How to Stratify Seeds | Start Seed Stratification

This post, titled How to Stratify Seeds | Start Seed Stratification, explains why you need to stratify seeds and how to stratify seeds.

There are seeds that you can take right off the plant, put in the ground, and a new plant will start.  I did that with green beans last year.  I planted them, they produced beans (seeds), I picked them and planted them.  They grew into new bean plants and I did the same process again.  I did this for three generations in year.
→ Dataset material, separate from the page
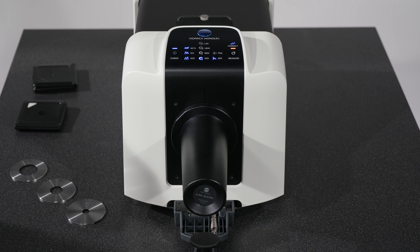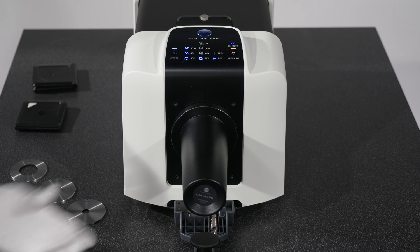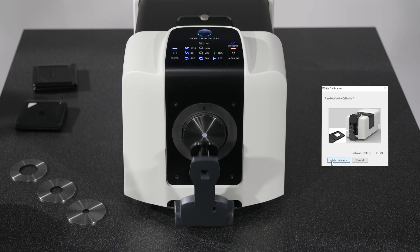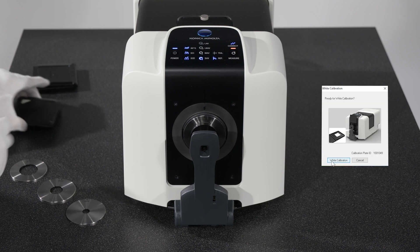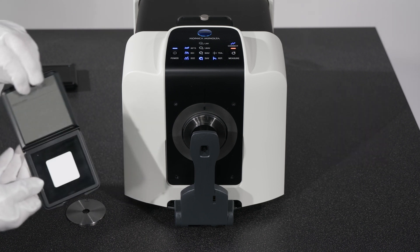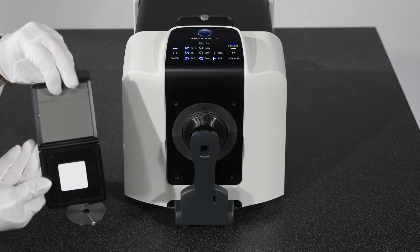When Zero Calibration is finished, follow the prompt to attach the White Calibration plate. When positioned, click to start the calibration.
How to Stratify Seeds – What is it

How to Stratify Seeds

How to Stratify Seeds

Other seeds go dormant and do not allow this to happen.  They have protection that gives the plant a better chance of surviving. If certain seeds started growing right away and a frost or freeze hits them when they are very young and have not established a good root system yet, they will likely die.  A protection method that plants have is to stay dormant until the seeds have had a period of cold weather and then warmth.  Many seeds require 90 days or more of this cold weather to break dormancy.  The cold needed is usually 34 to 39 degrees.

How to Stratify Seeds

We can force plants to break dormancy by giving them what they need – damp, cold conditions for a period of time. This process of breaking dormancy via a period of cold weather is called stratification.  The way I do it is to take a paper towel, wet it, squeeze all the water out so it is just damp and then put seeds on it.  Once the seeds are on the paper towel, I fold it up, and put it in a sandwich bag.  Make sure you label the sandwich bag with the type of plant and when the plant needs to come out based on how long it needs to stratify.  You can see my bag labeled with the seeds wrapped in a paper towel in the picture titled “How to Stratify Seeds”.

Now take any sandwich bags that you have seeds to stratify in and put them in a brown paper bag to limit the amount of light that the seeds get.  Now put the brown paper bag in a refrigerator.  I usually put mine in a drawer just so it is out of the way.

After the time is up, pull the sandwich bag out and let it sit at room temperature for a day.  At this point the seeds are ready to plant in soil.

You will find variations of this process that use Pete moss and other things.  The damp paper towel has not let me down yet.  I have done everything from exotic perennial seeds to apple seeds and they always have a pretty good success rate.